Wednesday, 9 February 2011

DREAM.

I woke up. I think I can recall it being painful. I opened my eyes and y felt my body being violently ripped off of that world of fantasy I was immersed in before. In my dreams my body was weightless. In my dreams it was easy to breathe. There was no smell, there were no aching joints or future left.

I discussed with myself the possibility of not leaving the bed, of somehow inducting my body to just carry on sleeping. I tried it, I swear, but after 13 hours of sleep, that’s basically not possible. I looked through the window.

The steel gray sky, and a certain warmness in the winter air, gave me the certainty that it would very likely rain soon. My brain started activating slowly right after being able to successfully elaborate this last thought. I started thinking about reasons to leave the bed, cause now, with the recently acquired mental clearness, it’d be much easier to find them.

I remembered the e-mail. That stupid e-mail I’m waiting for. The e-mail that says that this whole agency problem is solved, and that I’m ready to go to London. But the e-mail thing, came along with a thousand blurry memories from last night. So many of them and so rapidly pouring into my brain that I could feel the walls of my skull stretching off to create the necessary space for them.

I remembered the Skype chat, and the moment I felt I was completely surpassed by the situations surrounding me. I remember bursting into tears. I saw myself walking down an empty street in the night, still crying and unable to hold my emotions up. I remembered struggling with one of the bikes that the city of Paris gently hands over to you, whose mechanism to unlock is still an unveiled mystery for me. I remembered the pizza I bought in some random kebab place on my way here. I wasn’t hungry, I just needed to eat. Food as comfort is something new for me.

I drank half a bottle of vodka once I got here after my shoot. The shoot. The shoot was cool. Everybody was very nice, not just nice, but really nice. I was a bit absent, but I guess is beyond understandable when considering the things I was holding in my head at the time.

As I was arriving to Les Invalides, I thought about the few people I can count on right now. I’ve got many friends, people I adore, and people that adore me as well. You can feel tremendously lonely anyways. Maybe we are the ones that choose how we want to feel.

I sat on the sidewalk. What am I doing here? What brought me here? Why did I let them bring me? This is pointless. Absurd. Stupid. I could be at home. I could be anywhere. I could be happy. I could be drawing on the black table, or watching movies with him.

But then, again…

When I met Alexander Mcqueen a year ago. I thought this would never get better than that. It’s stupid, I know. He was just a random guy like me, or like you, reading this post. He was brilliant in his work. He was history. He was working on a show, and I was chosen to wear his clothes. I was part of it. I was part in some kind of bizarre twisted way I had never expected to be, especially when I was thirteen and I would wake up early every Saturday, just to watch Fashion Television’s short compilation of caps from the shows.

From then on, I met some of my teenage super-heroes.

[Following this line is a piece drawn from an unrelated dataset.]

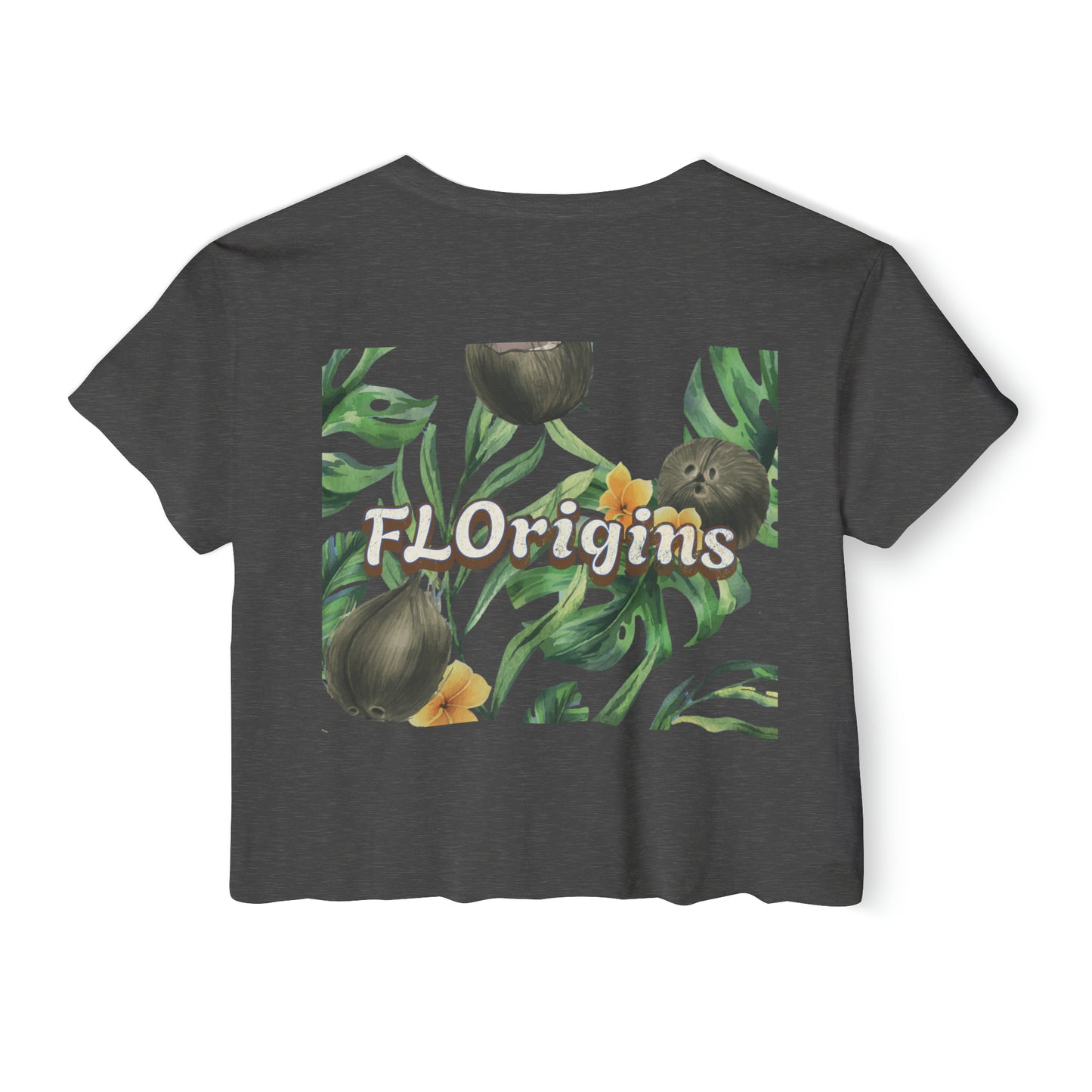 FLOconuts Lightweight Crop Top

I met Rei Kawakubo, and recently and very much especially, Lucas and Alber.

I might have never even crossed a word with Rei (specially since the position I’m in hardly ever allows it so), but just to be there, and see how she checks every outfit before they go out to the runway was fascinating. It’s some kind of like a childish fascination I guess.

It’s not only designers I’m happy that I’ve met. I’ve met cities; I’ve met customs, traditions and impressions. I went through a thousand crazy worth-to-tell experiences and I’ve matured a lot. I’ve met people. Awesome people. Models, stylists, students. I’ve met people like Shona and Emma, like Sinara and Vanessa, like Keno and Mr. Legs. I’ve listened to guys playing guitar, I’ve drank litters of beer, and I’ve smoked shisha and thrown presents for Lemanjá in some random stream in her day.

And then again…

Is this worth it? Is this real? Is this a life? What am I doing with myself? Where am I going, and what will I get out of this?

I might be leaving aside a whole myself. I might be loosing myself. Vanishing in little crooked streets and airplanes. Falling asleep in the metro. Running behind a plastic rabbit. Running till exhaustion, till I’m old and tired, and I can be disposed away like a used needle.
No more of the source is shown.